All these findings reinforce the hypothesis that inflammation is present in childhood asthma, and show that this can be monitored by sputum analysis.18 However, the technique is limited to children aged over 7 years, as it is very difficult to induce sputum in younger infants.17
Recent studies have shown that nitrous oxide (NO) seems to play an important role in asthma and its pathogenesis.19 In 1997, Baraldi et al showed that children with acute asthma (mean age 9.3 years, n = 16) exhaled increased concentrations of NO in comparison with 16 healthy controls of the same age (31.3 v 5.4 parts per billion, ppb).20 Prednisone therapy (1 mg/kg/day for five days) reduced the NO level in asthmatic children to 16.5 ppb, significantly below that recorded before corticosteroid therapy, but the level remained significantly higher than that in the controls (p < 0.001 for both differences). Recently, exhaled NO concentrations were found by another group to be increased among asthmatic children with a mean age of 11.5 years.21
Baraldi et al subsequently studied NO in infants, comparing individuals with either recurrent wheeze (mean age 20 months) or first time viral wheeze (mean age 11 months) with healthy controls (mean age 17 months).22 Significantly higher NO concentrations were found in the group with recurrent wheeze before prednisone therapy compared with controls (14.1v 5.6 ppb, p < 0.001; fig 4). In contrast, mean exhaled NO from infants with first time wheeze (8.3 ppb) was not significantly different from controls. Again, five days of prednisone therapy effectively reduced NO concentrations in infants with recurrent wheeze, to a mean of 5.9 ppb.

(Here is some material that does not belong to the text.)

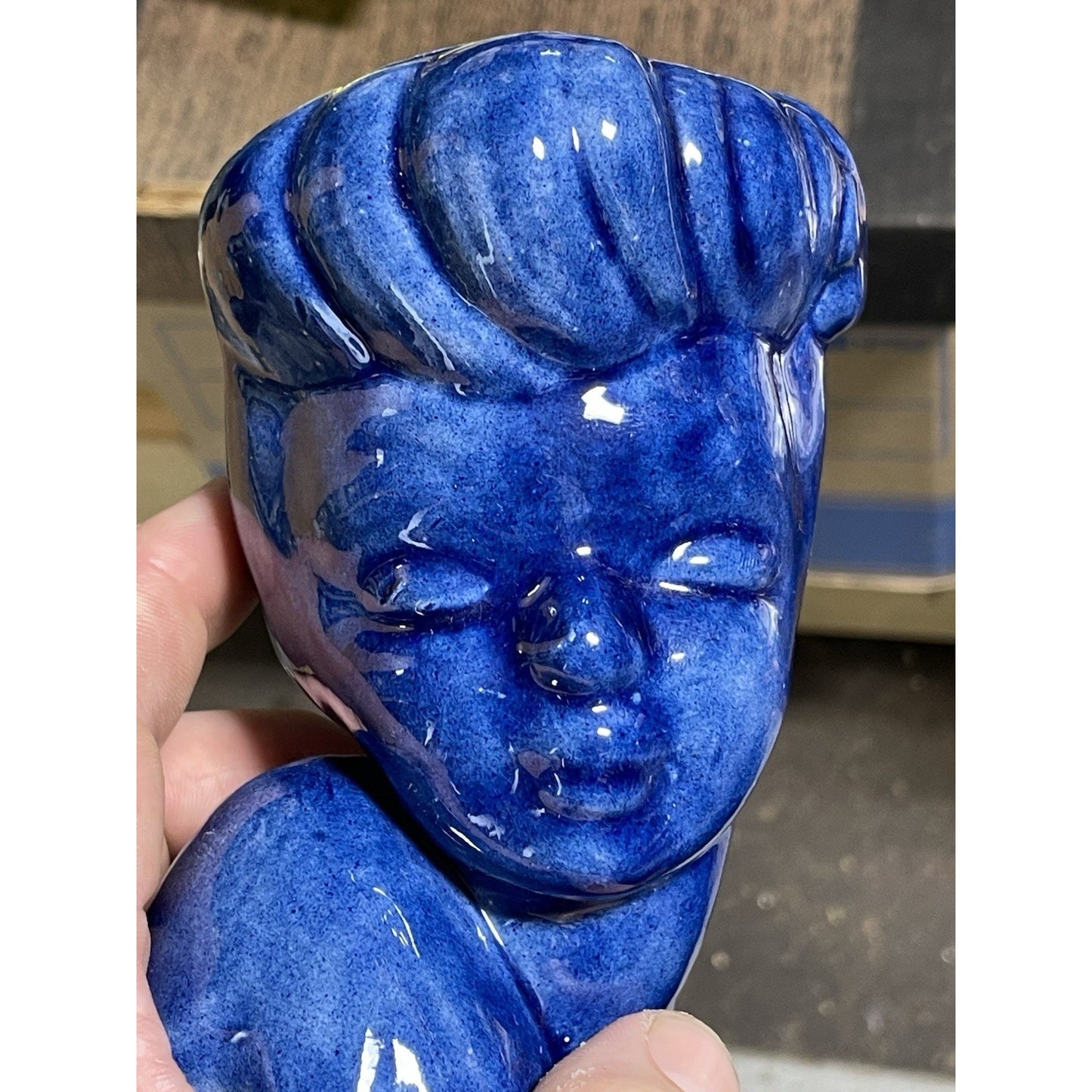 Vintage "Glamour Girl" Betty Grable Inspired Lady Head Vase 5.5" inch All BLUE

The data from NO studies are consistent with the concept that inflammation is present at an early stage in infants with troublesome symptoms, and that measurement of exhaled NO has the potential to distinguish different “wheezing phenotypes”. However, further investigations are required to standardise the methodology used in these studies.

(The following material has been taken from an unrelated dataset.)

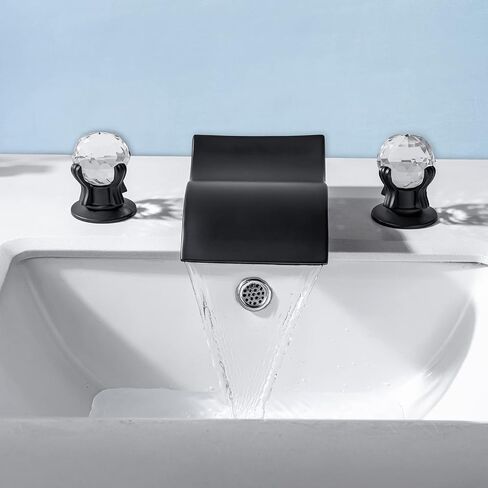 Bathroom Faucet with 2 Crystal Knob Handle, 3 Hole 8 Inch Deck Mount Widespread Waterfall Sink Faucet for Bathroom Sink or Bathtub, Brushed Gold in Saudi Arabia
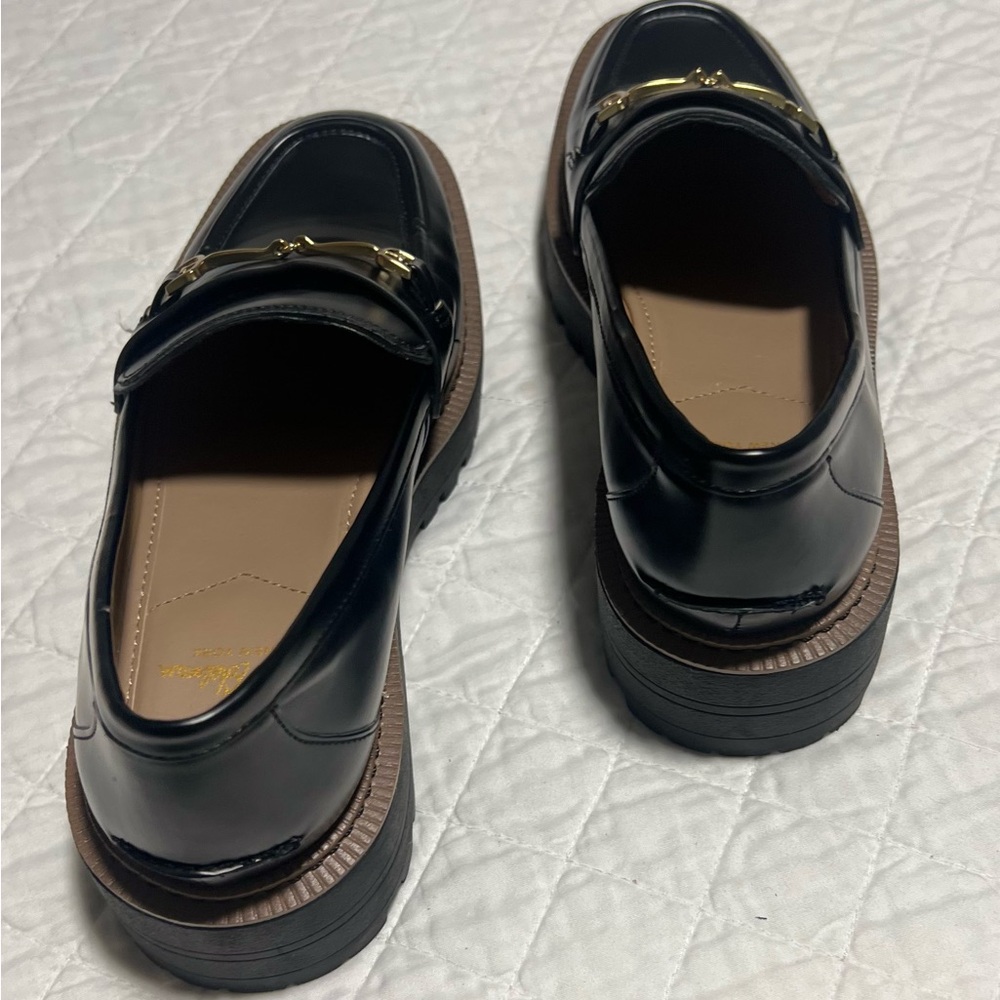 Sam Edelman Black Patent Laurs Lug Sole Loafers Gold Bit Buckle Platform - Picture 4 of 8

The studies reviewed here support the viewpoint that the immunopathology of paediatric asthma is similar, if not identical, to adult asthma. Airway inflammation may occur in children before the manifestation of symptoms of asthma, and both genetic and environmental factors may be involved. Inhaled corticosteroids, through their ability to inhibit several key inflammatory processes, may have an increasing role to play in the treatment of infants with severe recurrent wheezing. It is now important to identify and confirm an effective test that will reveal both a predisposition to asthma and its severity in patients. Such knowledge should then assist the search for ways to reduce, or even prevent, the natural progression towards the disease in susceptible infants.

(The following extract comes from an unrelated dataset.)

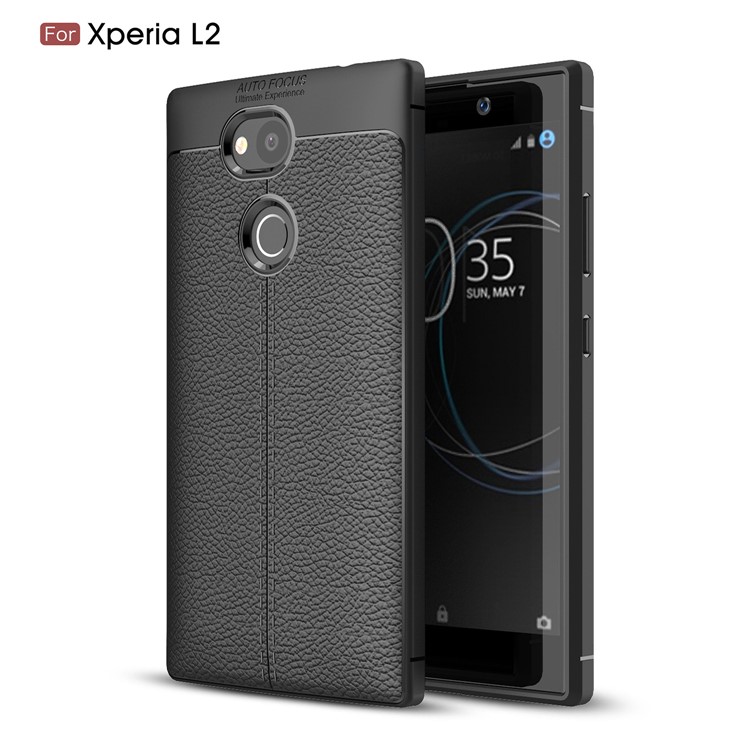 Litchi Grain Soft TPU Back Cover for Sony Xperia L2 - Black-1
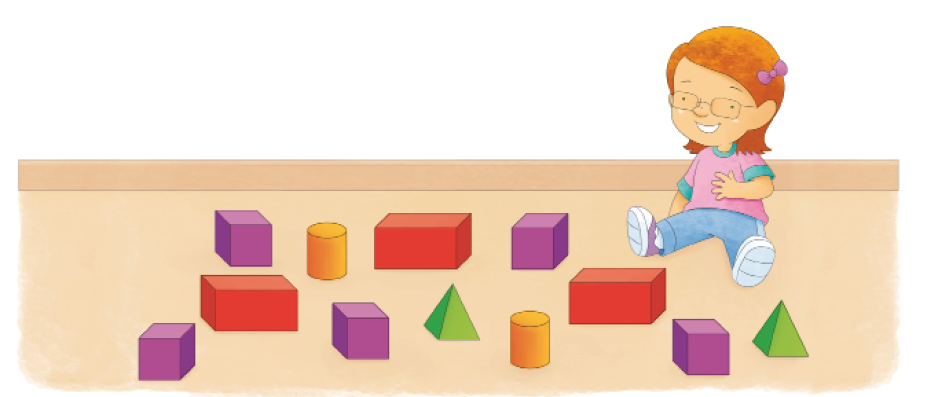 Imagem: Ilustração. Clara, menina ruiva sentada no chão e sorrindo. Na frente dela há várias peças coloridas com formatos geométricos: cinco cubos, dois cilindros, três paralelepípedos, duas pirâmides.  Fim da imagem.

Since submission of this paper, M Ennis et al (Ennis M, Turner G, Schlock BC, et al. Inflammatory mediators in bronchoalveolar lavage samples from children with and without asthma.Clin Exp Allergy1999;29:362–66.) have confirmed that eosinophils and mast cells are activated in children with a history in recurrent wheeze. BAL histamine and ECP were higher in atopics than in children with viral associated wheeze (non-atopics).